NYSN still owes the state Medicaid program nearly $1 million for previous Medicaid billing violations. In 2010, an audit by New York's Office of Medicaid Inspector General uncovered serious recordkeeping irregularities at the clinic. State officials ordered NYSN to give back $2.5 million in Medicaid "overpayments" — nearly half the claims from 2003 to 2007. The money has been gradually repaid over time by withholding part of NYSN's billings.
If the clinic ceases operation and the inspector general cannot recover the funds, the case will be referred to the Civil Recoveries unit of the Office of the Attorney General, according to a spokeswoman for the inspector general's office.
OASAS has been aware for years of many of the problems it now cites as justification for rescinding NYSN's license. In 2010, NYSN's program manager told an OASAS investigator the clinic had a "contract/agreement" with sober homes. The investigator determined the arrangement was improper, and the findings were conveyed to the attorney general, according to a spokeswoman for OASAS.
The attorney general's office declined to comment.
Asked why OASAS had not moved to revoke NYSN's license sooner, agency spokeswoman Jannette Rondo said in an email that it is "practice for OASAS to refer matters to other investigative agencies, and defer specific action during the pendency of the resultant investigations."
According to Gary Butchen, an outpatient program operator who is also a past president of the Addiction Treatment Providers Association of New York State, OASAS does not consider the sober home situation its problem.
"Their position for years has been that it's a housing issue, and they are not in the housing business," he said.
Butchen believes that closing down NYSN will do little to fix the broader problem.
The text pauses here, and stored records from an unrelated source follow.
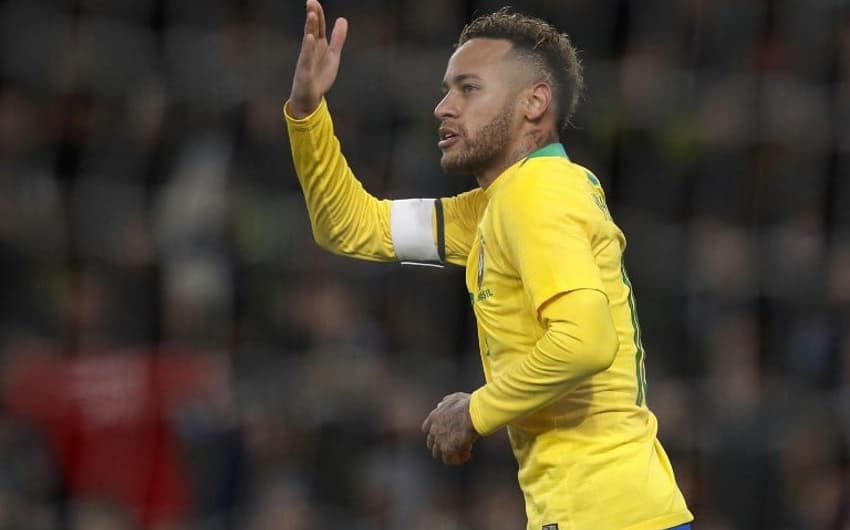 Neymar, de pênalti, fez o gol da vitória da Seleção Brasileira&nbsp;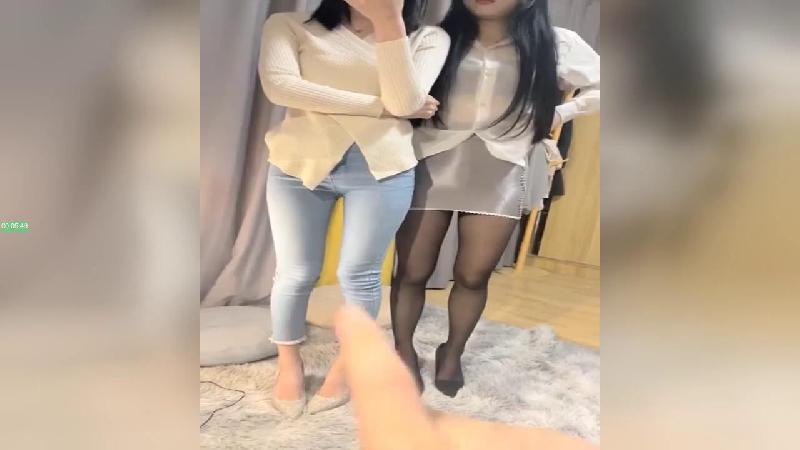 【初戀的香味】榨精少女高價計時房人氣女神雙飛顏值吊打全場蘿莉御姐膚白貌美人間尤物牛仔褲后入蜜桃臀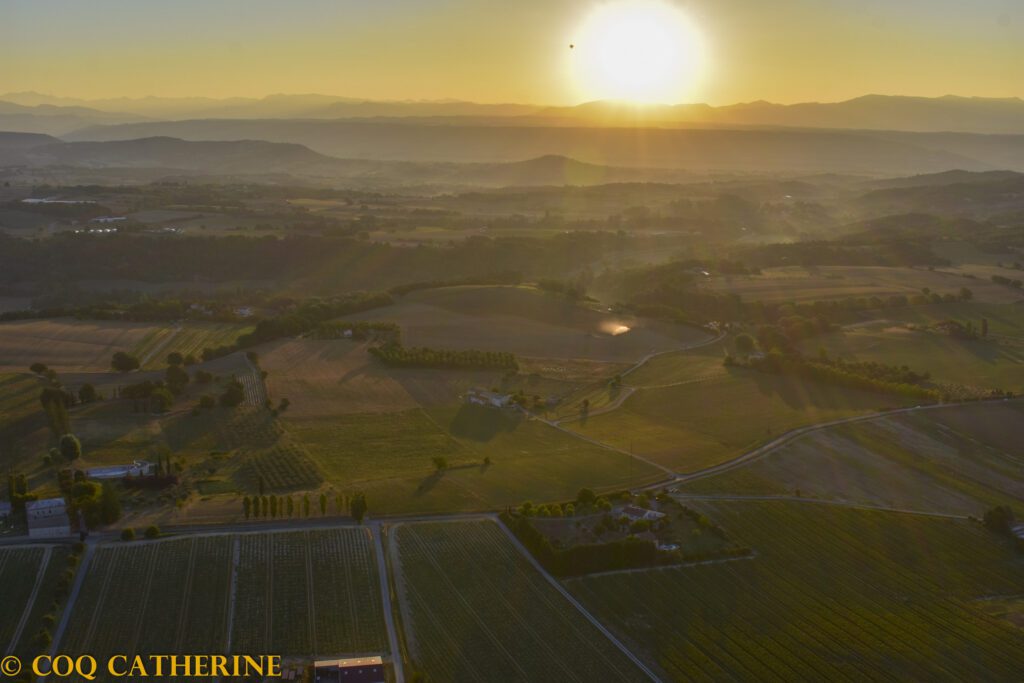 Panorama sur les Ecrins et la Provence à bord de la montgolfière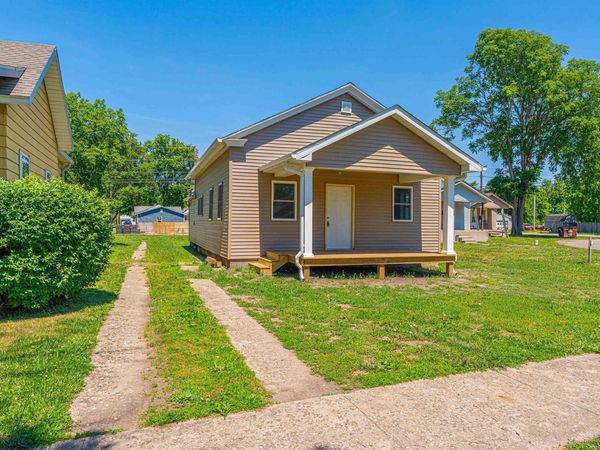1116 BROADWAY Street, Lincoln, IL 62656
Sober home operators will just go to the next willing provider, he says. "[The operator] will just say 'I can give you 100 patients a day, and all you have to do is give me something on the side,'" Butchen said.
State legislators are pushing a bill that would create a pilot project to regulate and certify sober homes in Suffolk County on Long Island. "Everyone who is interested in improving the standard of sober homes are very well aware of the need for OASAS to step up and do more," said Sen. Lee Zeldin, R-Shirley, a lead sponsor of the legislation.
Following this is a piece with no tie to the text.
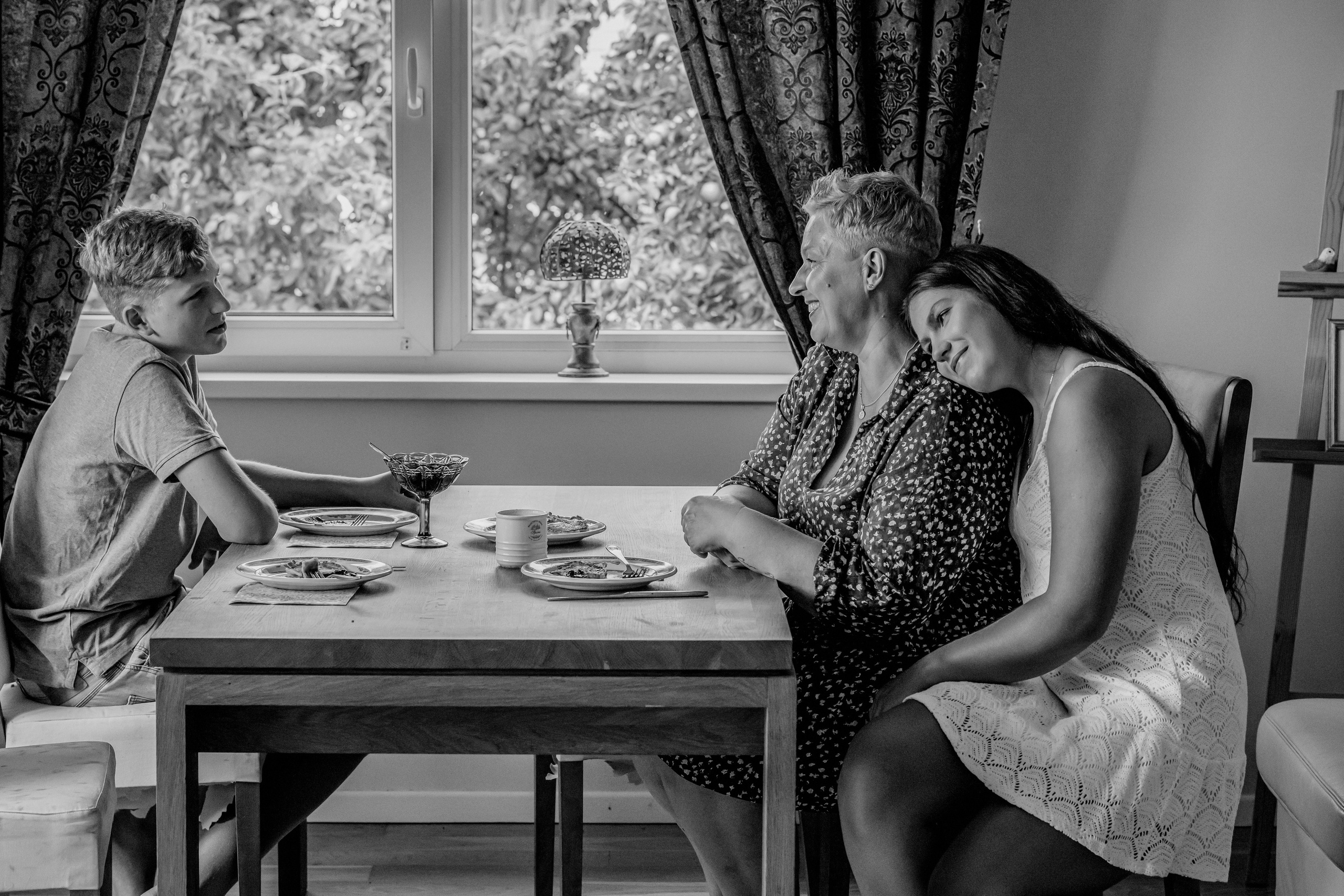 Šeimos pietus. Wedding and family photographer in Lithuania — Yvanessa Gelvano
OASAS is also in the process of revoking the license of another Brooklyn clinic that serves a similar population of poor and indigent addicts.
State authorities have been investigating Canarsie Aware since at least 2009. That year they found that the program was forcing all its patients to attend the clinic seven days a week regardless of their individual needs. The next year, the Medicaid Inspector General's office looked at billings from 2003 to 2007 and determined the facility owed the state $6.7 million from overpayments. (The office said last week that Canarsie currently has "no open collection actions.")
OASAS forced the program to accept a monitor, who was employed from June 2010 to October 2010. In 2011, an investigation by the New York City Department of Health and Mental Hygiene triggered another review that found similar problems as well as new ones involving the program's mental health practice and its relationship with a licensed residential treatment facility.
OASAS went back into the clinic in November and December of last year. "Canarsie provided services to patients that were not clinically justified," investigators wrote in a report.
Anthony Cornachio, the executive director of Canarsie Aware, did not respond to requests for comment.
Last December, four years after its initial investigations, OASAS moved to revoke Canarsie Aware's license. Cornachio has requested an administrative hearing to challenge it. The hearing is scheduled for May 20.